La strategia credibile per il 2030, anche secondo la scienza del clima, parte da un principio: ridurre prima, compensare il minimo indispensabile. Sul primo punto, Apple mostra progressi tangibili (60% di riduzione dal 2015; fornitori su 17,8 GW di rinnovabili; interventi su gas processuali). Sul secondo, il margine si restringe: con regole più dure e scrutinio pubblico, le emissioni residue dovranno essere davvero “hard-to-abate” e coperte con rimozioni durature (non semplici progetti di evitamento). La stessa comunicazione di Apple, negli ultimi mesi, si è spostata dal claim “carbon neutral” di prodotto a un racconto più prudente su progressi e riduzioni.
Per capire se l’obiettivo 2030 sia realistico più che retorico, gli indicatori chiave nei prossimi 24–36 mesi saranno tre:
La risposta più onesta oggi è “dipende da come finisce”. Non c’è dubbio che Apple abbia spinto avanti la filiera: rinnovabili ai fornitori, materiali riciclati, attenzione a processi specifici e packaging. I tagli del 60% in meno di dieci anni sono un risultato di rilievo se misurati contro la crescita del business e la corsa globale all’AI (energivora per definizione). D’altra parte, la narrazione “carbon neutral” di prodotto è stata riconfigurata da giudici e regolatori: con offset a bassa permanenza non regge più, e fingere che un bene di consumo sia “a impatto zero” rischia di essere fuorviante.
La linea di confine, quindi, non sta tra “eroi” e “cattivi”, ma tra strategie trasparenti di riduzione e comunicazioni semplificate. Se Apple continuerà a spostare il baricentro da “neutralità di marketing” a “decarbonizzazione misurata”, il 2030 può essere una rivoluzione credibile. Se invece il gap finale sarà colmato soprattutto con compensazioni discutibili, la critica di greenwashing resterà sul tavolo.
Per un’azienda con la potenza comunicativa di Apple, la chiarezza è parte della soluzione. Tre mosse pratiche:
– Dati granulari per Paese e fornitore, su base annuale, con verifiche terze e metodologia coerente (GHG Protocol, SBTi).
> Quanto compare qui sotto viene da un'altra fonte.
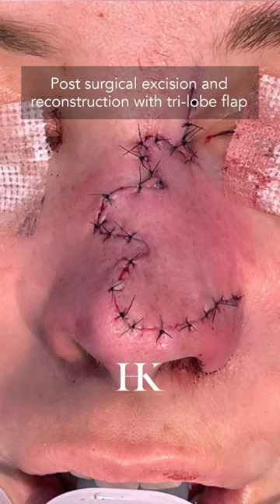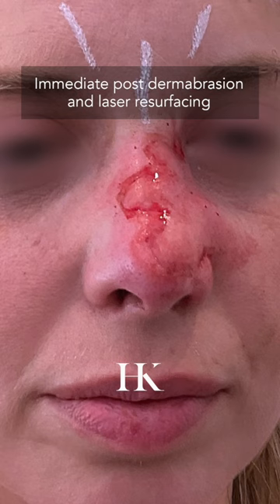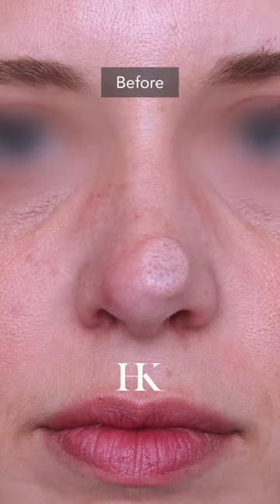This flap strategically moves skin from the superior part of the nose to cover the inferior portion of the nose without distorting the nasal structures.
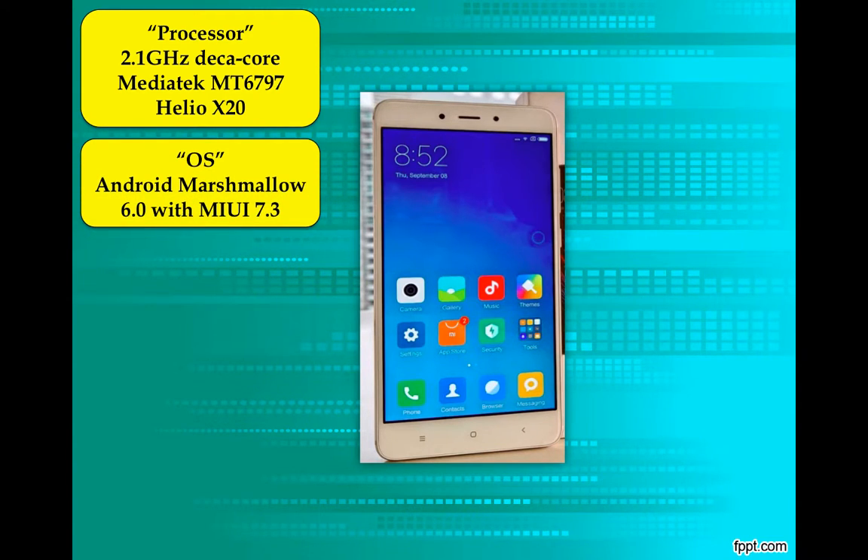The operating system is Android Marshmallow with MIUI 7.3. The latest firmware is MIUI 8.0, but unfortunately this ships with 7.3. However, you can upgrade it immediately to MIUI 8.0.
– Claim conservativi: parlare di “riduzioni” e “impronta residua”, non di neutralità di prodotto, finché le rimozioni non saranno durature e tracciabili.
– Educazione del pubblico: spiegare cos’è una rimozione “permanente”, perché costa di più e perché serve a tutti che le imprese la finanzino.
Ad oggi, il percorso di Apple è significativo e replicabile, soprattutto sul fronte fornitori e materiali, ma la promessa “carbon neutral 2030” sarà credibile solo se i prossimi report mostreranno riduzioni reali e un uso minimo e rigoroso di rimozioni ad alta permanenza. In un’Europa che restringe i claim ambientali e in un mondo sempre più attento alla trasparenza climatica, l’unica rivoluzione possibile è quella delle prove.